What they’re saying: “When we talk about holding technology companies accountable for what they’re pushing toward our kids, gaming companies must be a part of that conversation,” Trahan told Axios in an emailed statement.
- Game companies aren’t obligated to reply to the letter, but Trahan says she’s watching.
- “Make no mistake — parents like me with young kids are going to be paying attention to how they respond.”
4. Need to know
📝 The poem that appears for players who complete Minecraft’s story mode has entered the public domain and is not owned by Minecraft owner Microsoft, Eurogamer reports.
📅 Warner Bros.’ much-delayed Harry Potter game Hogwarts Legacy will now have three release dates: one for new consoles and PC (February), one for the older PlayStation and Xbox (April) and one for the extra time needed to figure out how to get it to run on Switch (July).

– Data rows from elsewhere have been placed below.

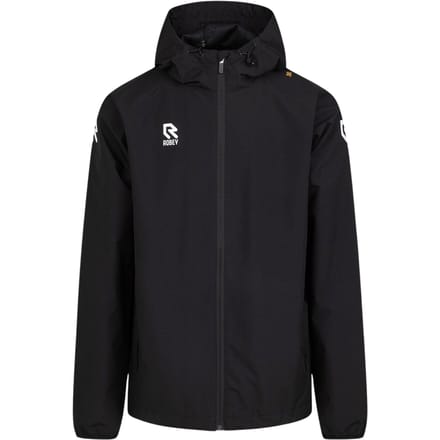 Robey Crossbar All Weather Jacket - - 128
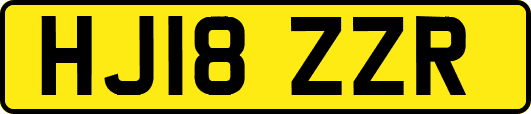 HJ18ZZR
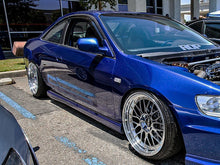 Carica l'immagine nel visualizzatore di Gallery, Frangivento Anteriori SK-Import Fumé Honda Accord CG 1997-2003 - foto 4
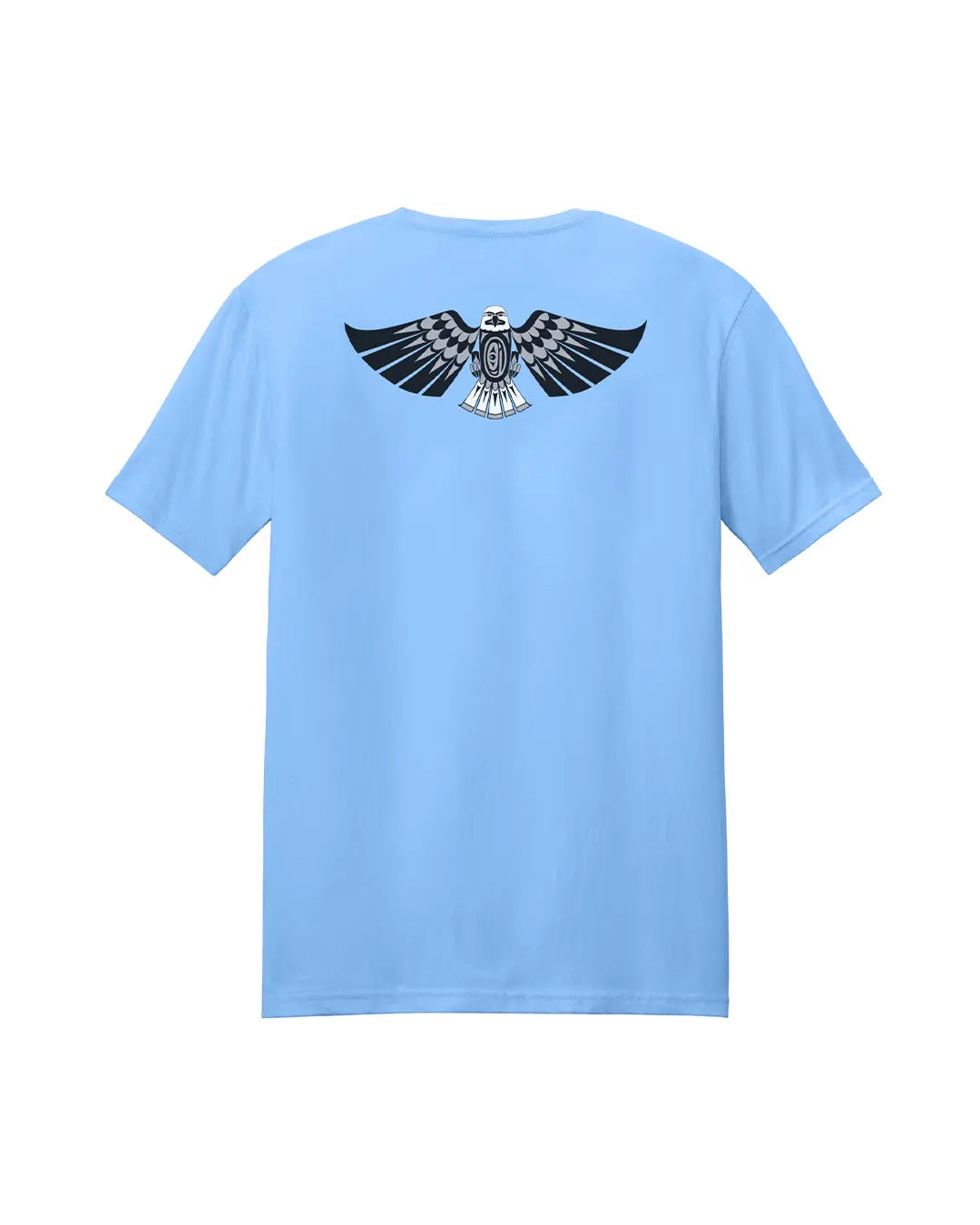 TFN Gildan® Softstyle® T-Shirt - Carolina Blue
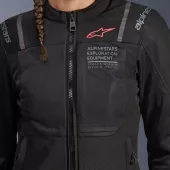Kurtka damska Alpinestars Stella ST-2 Air black
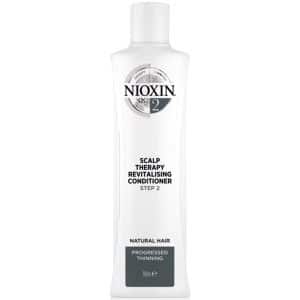 Nioxin System 2 Naturbelassenes Haar - Sichtbar Dünner Werdendes Haar Conditioner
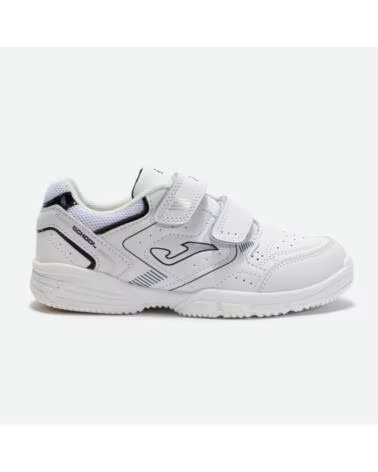 JOMA SAPATILHAS DESPORTIVAS MENINO WSCHOW 2532V BRANCO BLANCO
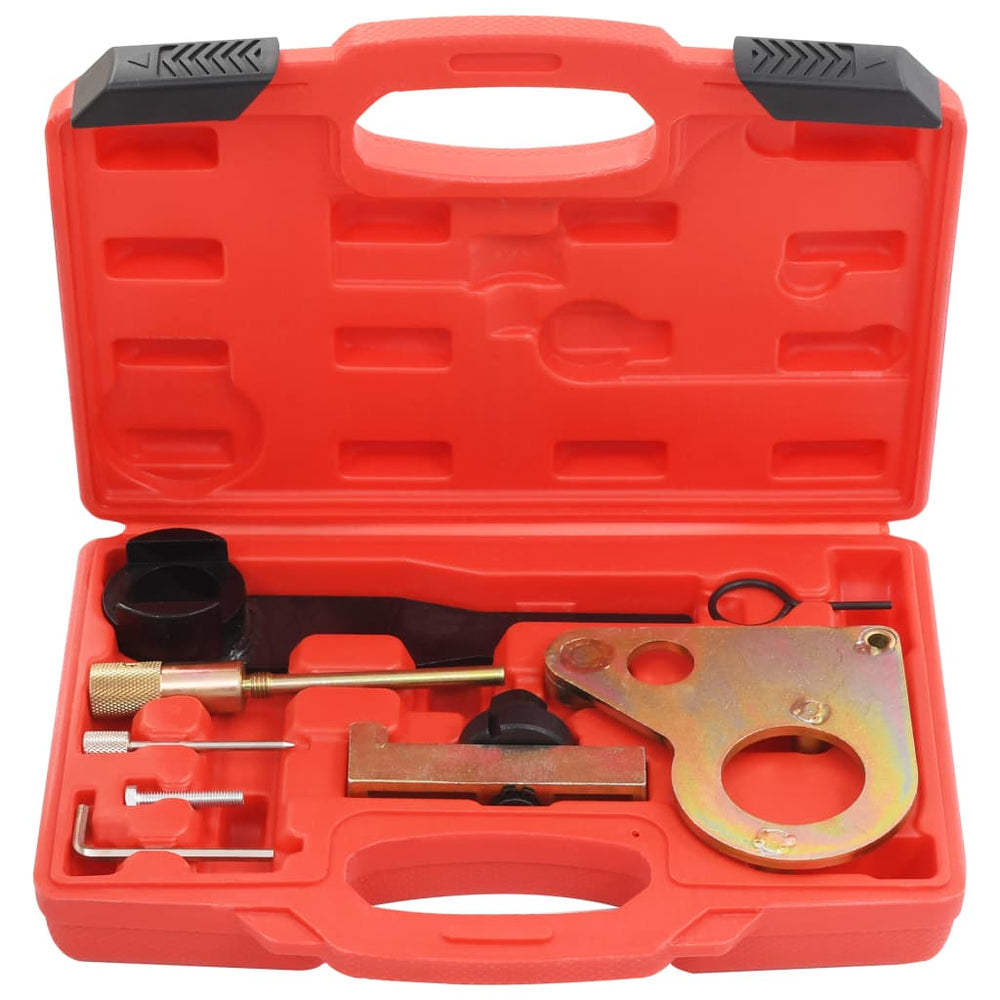 Set De Scule Sincronizare Motor, Setare Și Blocare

⚖️ Microsoft president Brad Smith previewed some of his company’s response to the FTC’s attempt to block its Activision deal in a meeting with investors this week, saying that even if Microsoft made Call of Duty exclusive, rival Sony PlayStation would still have a 286-60 advantage in exclusive games.

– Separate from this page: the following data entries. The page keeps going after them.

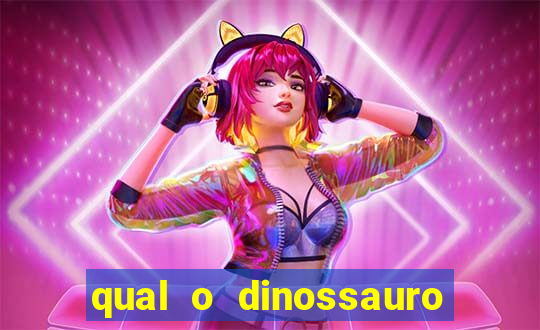 qual o dinossauro mais fraco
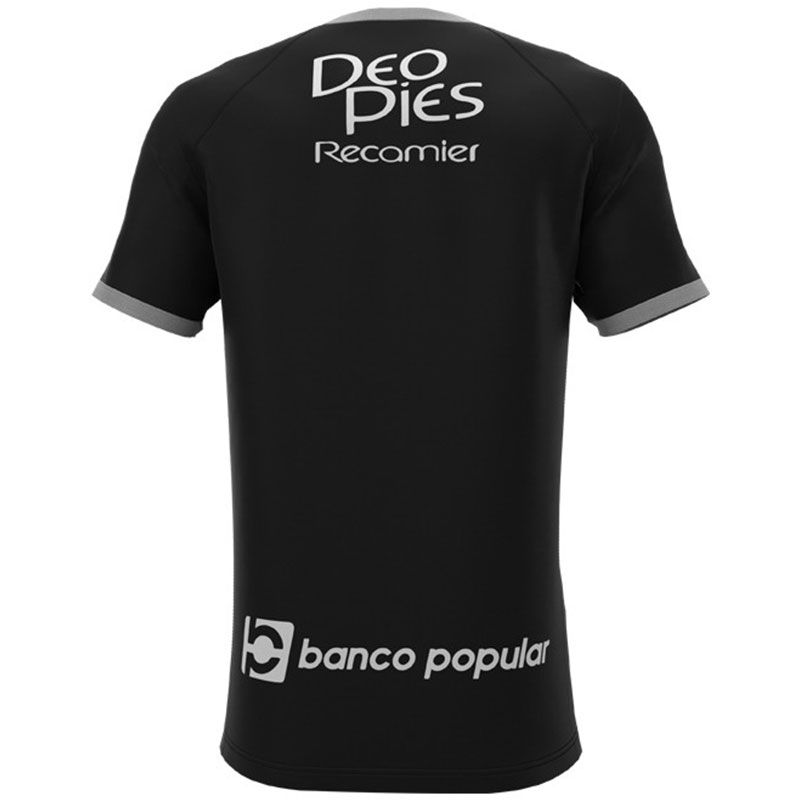 Camisetas Le Coq Sportif de Deportivo Cali 2021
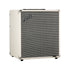 Fender Rumble 100 V3 Combo Bass Amplifier, Ivory, 230V EU |  FENDER |  AMPLIFIER-CABINET |  Zoso Music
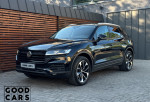 Volkswagen Touareg - 2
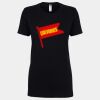 Next Level Ladies Boyfriend T-Shirt Thumbnail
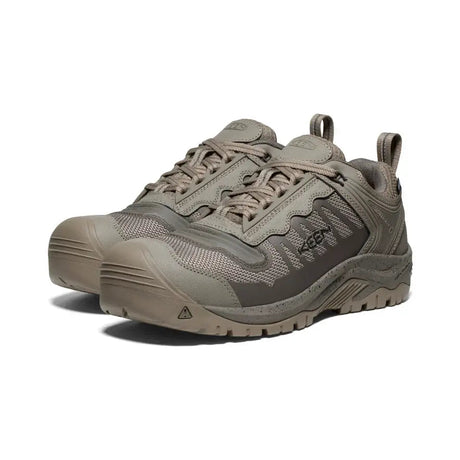 Keen-Reno Waterproof Carbon-Toe Work Shoe Keen-Steel Toes-6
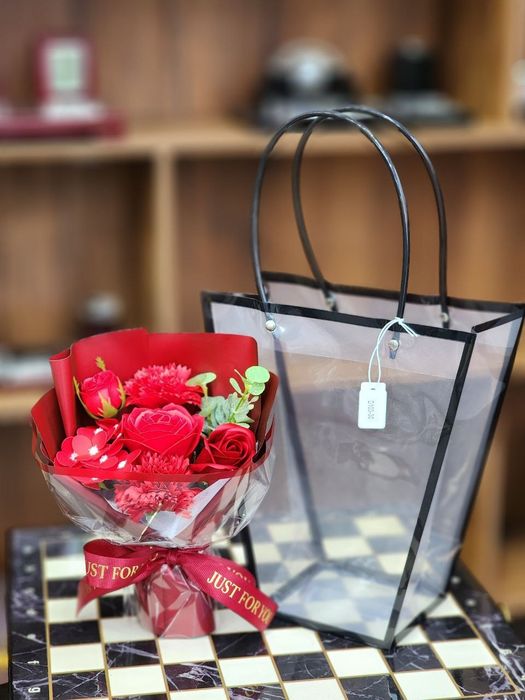 Цветы букет  падарок для любимой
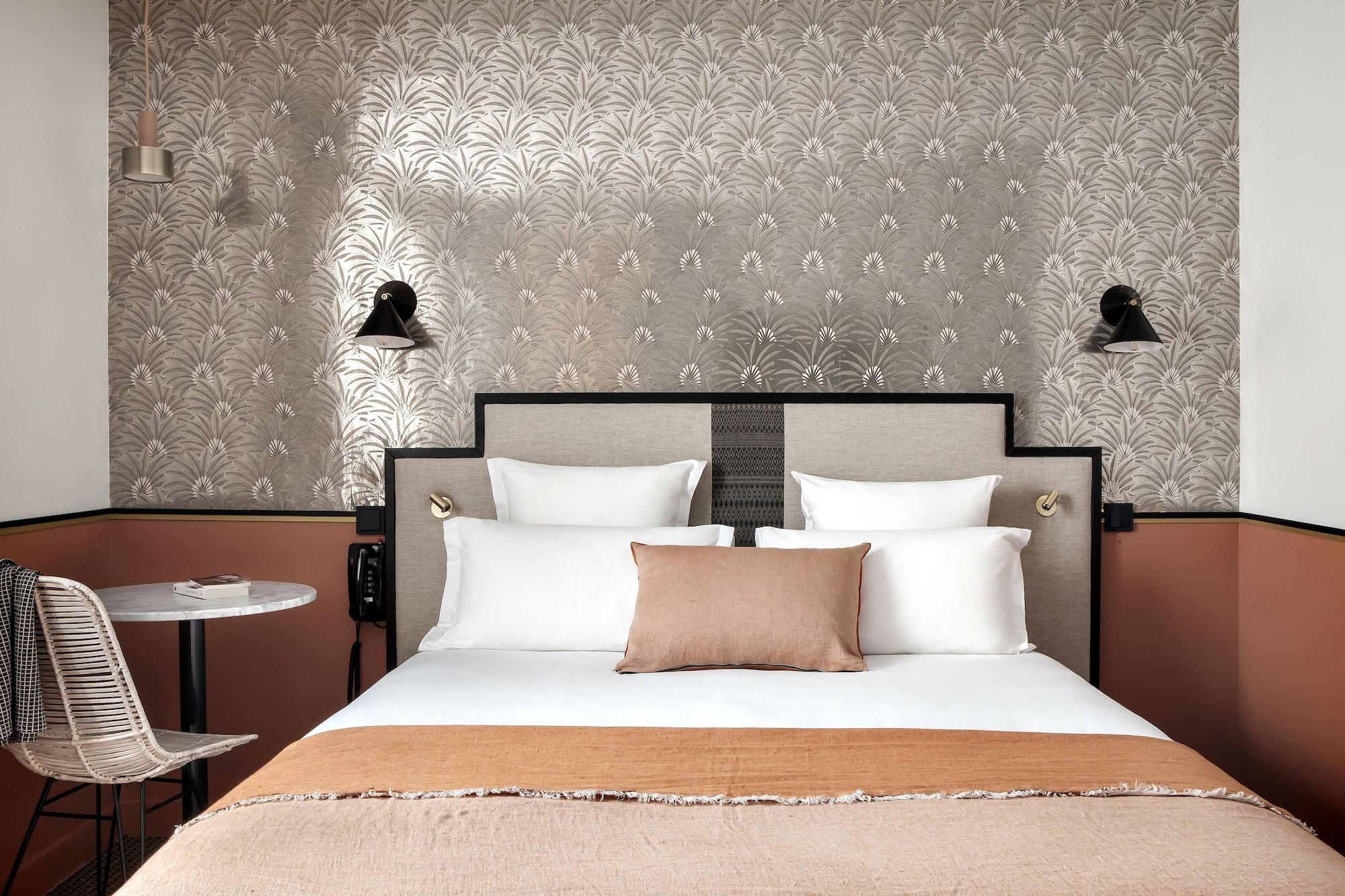 Doisy Etoile - Orso Hotels Paris Exterior photo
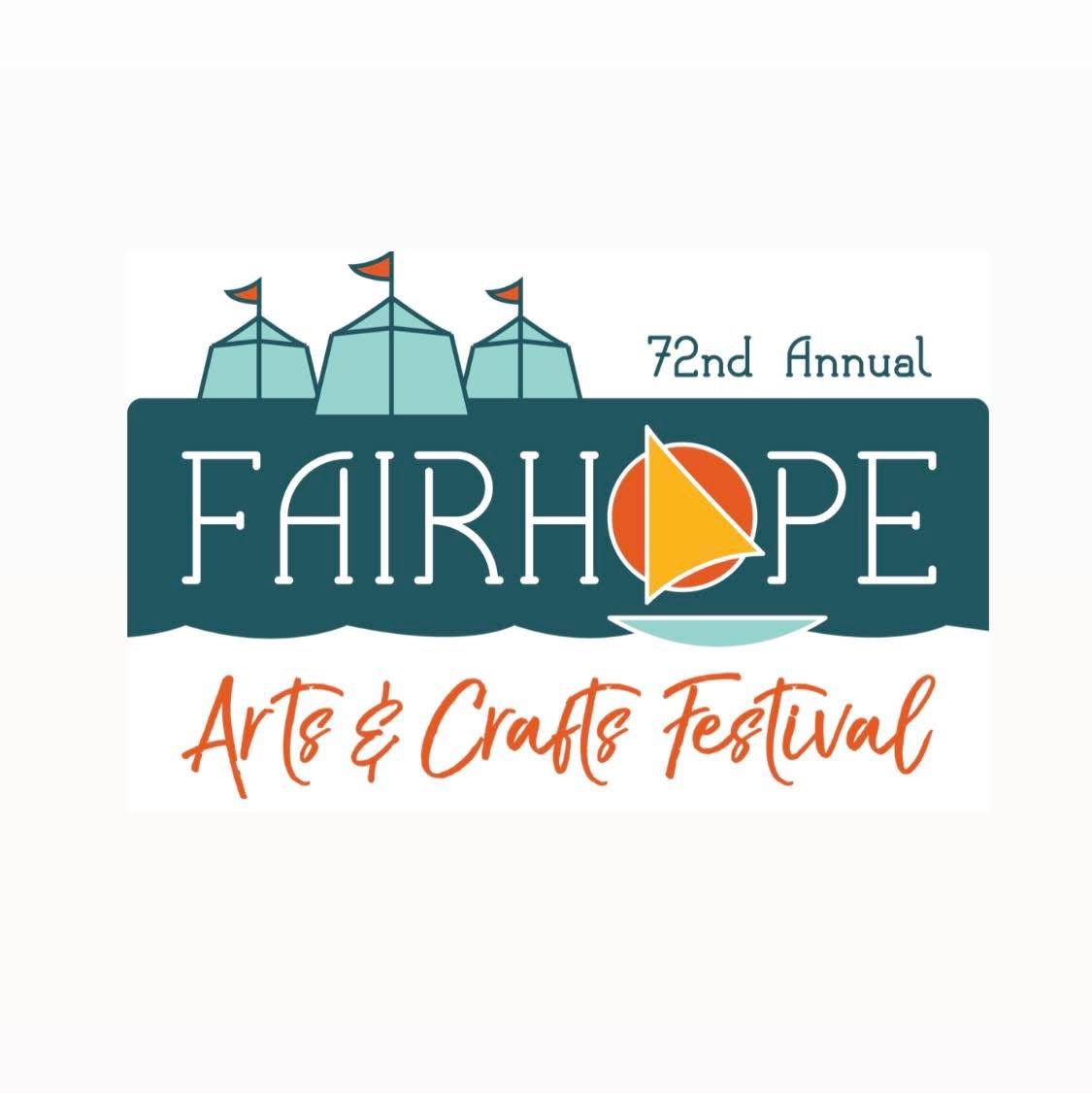 Noonday Drivers at the 72nd Annual Fairhope Arts and Crafts Festival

🎶 Epic Games is shutting down servers for a slew of older games, including The Beatles: Rock Band and some older versions of Unreal Tournament.
💪 The control of professional wrestling video game licenses in the late 1990s and early 2000s was complicated by alleged bribery and kickbacks, according to a deep dive in Wrestling Inc.
5. The week ahead
Sports Story. Screenshot: Sidebar Games
Next week will be as quiet as it gets in the world of games.
- Look for Microsoft to file its response to the FTC's Activision complaint.
- And will one of 2017's Switch indie darlings, Golf Story, finally see its sequel released? Sports Story is slated for December 2022, but we're quickly running out of the month.
6. I played ... The Legend of Zelda: Skyward Sword HD
The Legend of Zelda: Skyward Sword HD. Screenshot: Nintendo/Axios
The third big game I’ll wind up completing with my kids this year is Nintendo’s The Legend of Zelda: Skyward Sword HD (played 37 hours on Switch).
- We’ve had a shockingly good time.
Catch-up quick: Loyal Axios Gaming readers know the plot. I hid the existence of games from my kids until this summer, by which they were 5½ and further avoidance seemed futile.
- I love games but didn’t want them to get too sucked in too early.
- We played through a multiplayer Kirby game and loved it, played through a single-player Zelda too, as I discovered that they liked taking turns and offering verbal help when off the controller.
Yes, but Skyward Sword seemed foolhardy at first.
- It requires players to control a character in three dimensions and utilize precise motion controls, neither of which they’d done.
We struggled early, not just because of the controls but because the game has soooo much talking in its first several hours.
- They were bored.
- But we kept playing thanks to the great design of the game’s dungeons, the option to let dad take the controls for tricky parts, their mutual delight at shaking the controller to swing a sword and my daughter’s desire to see Link and Zelda finally hug.
Just one remaining hitch: They still aren’t great with right stick camera control. That really is the toughest thing for a new gamer to learn.